Tim Brown

No. 2
- Positions: Running back • kick returner

Personal information
- Born: October 25, 1984 (age 41) Stockton, California, U.S.
- Height: 5 ft 8 in (1.73 m)
- Weight: 190 lb (86 kg)

Career information
- College: Temple

Career history
- 2008: Sioux City Bandits
- 2008–2010: Billings Outlaws
- 2011–2014: BC Lions
- 2015: Calgary Stampeders*
- * Offseason and/or practice squad member only

Awards and highlights
- 2× United Bowl champion (2009, 2010); Grey Cup champion (2011); CFL West All-Star (2012); John Agro Special Teams Award runner up (2012);
- Stats at CFL.ca (archive)

= Tim Brown (Canadian football) =

American gridiron football player (born 1984)
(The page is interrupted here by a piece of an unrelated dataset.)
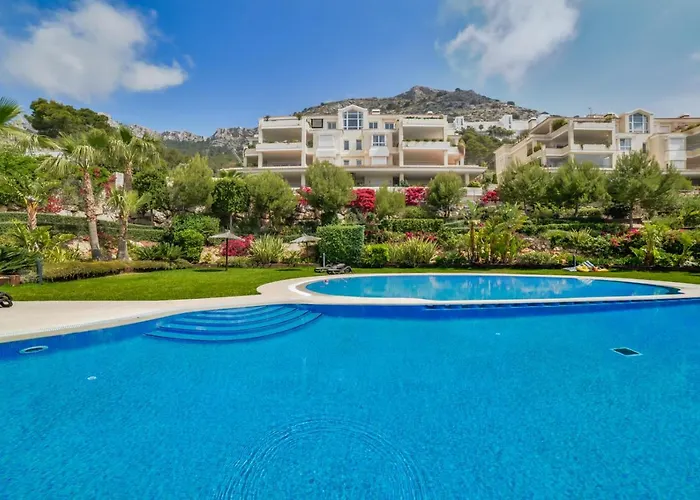 Luxury Apartment Altea Hills Pool & Garden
Timothy Brown (born October 25, 1984) is an American former professional football player who was a running back and kick returner in the Canadian Football League (CFL). He signed with the BC Lions in 2011 and won his first Grey Cup championship that same season. In 2012, he was named a West Division All-Star and the West Division's Most Outstanding Special Teams Player. Brown played for four years with the Lions before he was released. He also played one year with the Calgary Stampeders. He played college football for the Temple Owls.

==Professional career==

Pre-draft measurables
| Height | Weight | 40-yard dash | 10-yard split | 20-yard split | 20-yard shuttle | Three-cone drill | Vertical jump | Broad jump | Bench press |
| 5 ft 6+1⁄8 in (1.68 m) | 191 lb (87 kg) | 4.78 s | 1.58 s | 2.76 s | 4.42 s | 7.11 s | 25.5 in (0.65 m) | 8 ft 11 in (2.72 m) | 16 reps |
All values from Pro Day

===Billings Outlaws===
After going undrafted, Brown signed with the Sioux City Bandits in 2008. He would later be traded to the Billings Outlaws. He played for three seasons with the Outlaws, winning two Indoor Football League championships in 2009 and 2010.

===BC Lions===
Brown originally signed as a free agent with the BC Lions on May 17, 2011. Brown was named a West Division all-star at the end of 2012 season, and was second in the CFL with 2,687 all-purpose yards, which included 2,382 kick return yards (ninth-highest total in CFL history), 914 punt return yards (second most in the CFL in 2012), third in kickoff return yards (1,303) and fourth in missed field goal return yards (165). Brown's single-season all-purpose yards was also the second-highest total in franchise history, after Ian Smart's 2,744 yards in 2008.

In December 2012, he signed a one-year contract extension. In total, Brown played in 52 regular season games for the Lions with 3,987 kick return yards and a kick return touchdown and 2,404 punt return yards and four punt return touchdowns. After four seasons with the team, he was released by the Lions on May 25, 2015.

===Calgary Stampeders===
On June 16, 2015, Brown signed with the Calgary Stampeders. He played with the team for one year before being released on January 12, 2016.